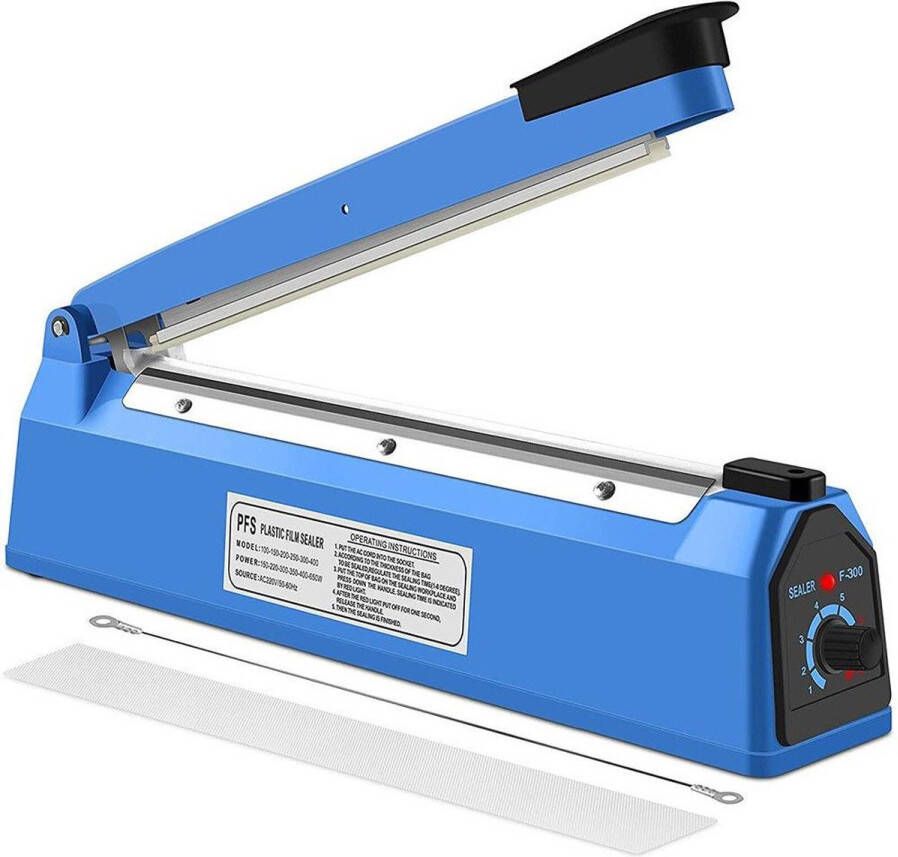 Iso trade Sealapparaat 300 mm 400W 1-8seconden Contactlassen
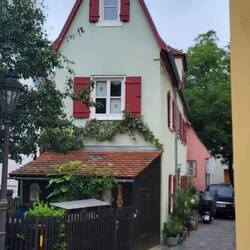Das schmalste Haus in Nördlingen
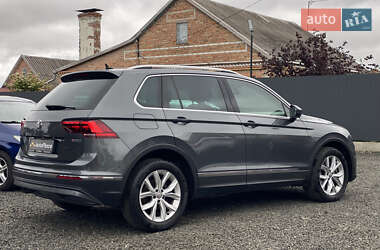 Внедорожник / Кроссовер Volkswagen Tiguan 2020 в 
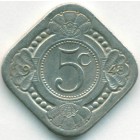 Кюрасао, 5 центов 1948 год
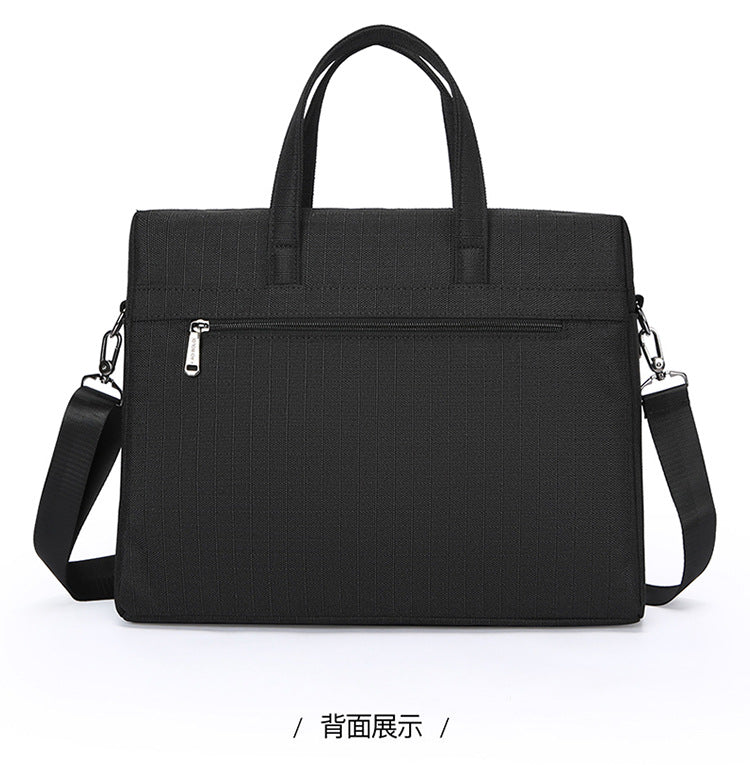 Black Business Laptop Briefcase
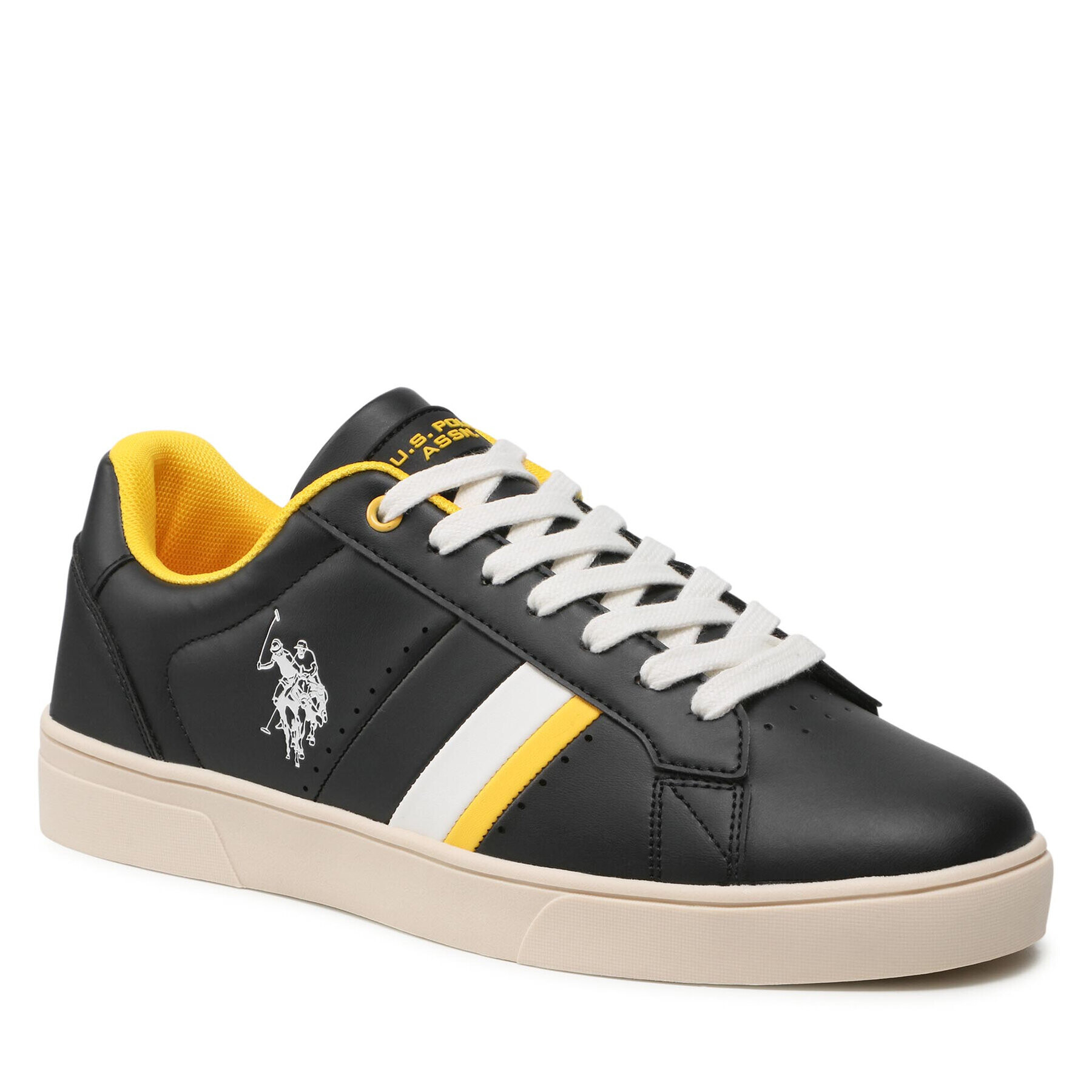 U.S. Polo Assn. Сникърси Kris003m/2Y1 Черен - Pepit.bg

--

DESCRIPTION OF THE TASK:
The answer must restate every entry word for word, with the pictures left out.

RESPONSE FOR THIS EXERCISE:
 Iso trade Sealapparaat 300 mm 400W 1-8seconden Contactlassen
Das schmalste Haus in Nördlingen
 Внедорожник / Кроссовер Volkswagen Tiguan 2020 в 
 Кюрасао, 5 центов 1948 год
 Black Business Laptop Briefcase
 U.S. Polo Assn. Сникърси Kris003m/2Y1 Черен - Pepit.bg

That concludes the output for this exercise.